Моя милая, я пойду сейчас на Лубянку и отправлю тебе через некоего человека это письмо с приложением печатных пустячков, которые все же могут быть тебе любопытны. Посылаю также письмо Миши Сабашникова и книги от него. Все это отправится к тебе с поездом, едущим через два дня на Урал.
Я очень мечтаю уехать весной в Париж. Но не знаю, осуществимо ли это. Много моих рукописей и прежних книг берет Государственное издательство, «Задруга» и еще третье издательство. Это может до известной степени обеспечить мою поездку.

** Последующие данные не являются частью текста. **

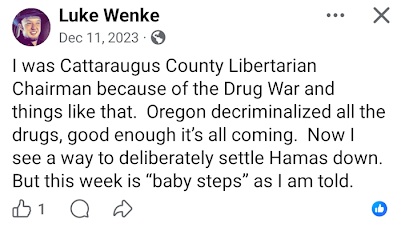 a screenshot of a december 2023 Luke Wenke Facebook post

Однако все это еще гадательно.
Моя милая, моя любимая Катя, я не знаю, доходят ли до тебя мои письма. Мне грустно, что я разлучен с тобой и Ниникой. Так хотелось бы тебя видеть.
Я забыл сказать тебе, что я опять вернулся к Египту, как к стране, которая мне больше всего нравится. Я снова занимаюсь египетским языком и читаю книги о египетском искусстве. Мне дает их моя землячка, шуянка, Тамара Николаевна Бороздина, хранительница Египетского зала в Музее Александра III. Бываю у нее, бываю у Гольдовских, у Кусевицких. Больше дома и в хлопотах.
Родная Катя, ведь свидимся же мы когда-нибудь!
Обнимаю тебя, любимая. Поклонись Леле. Твой К.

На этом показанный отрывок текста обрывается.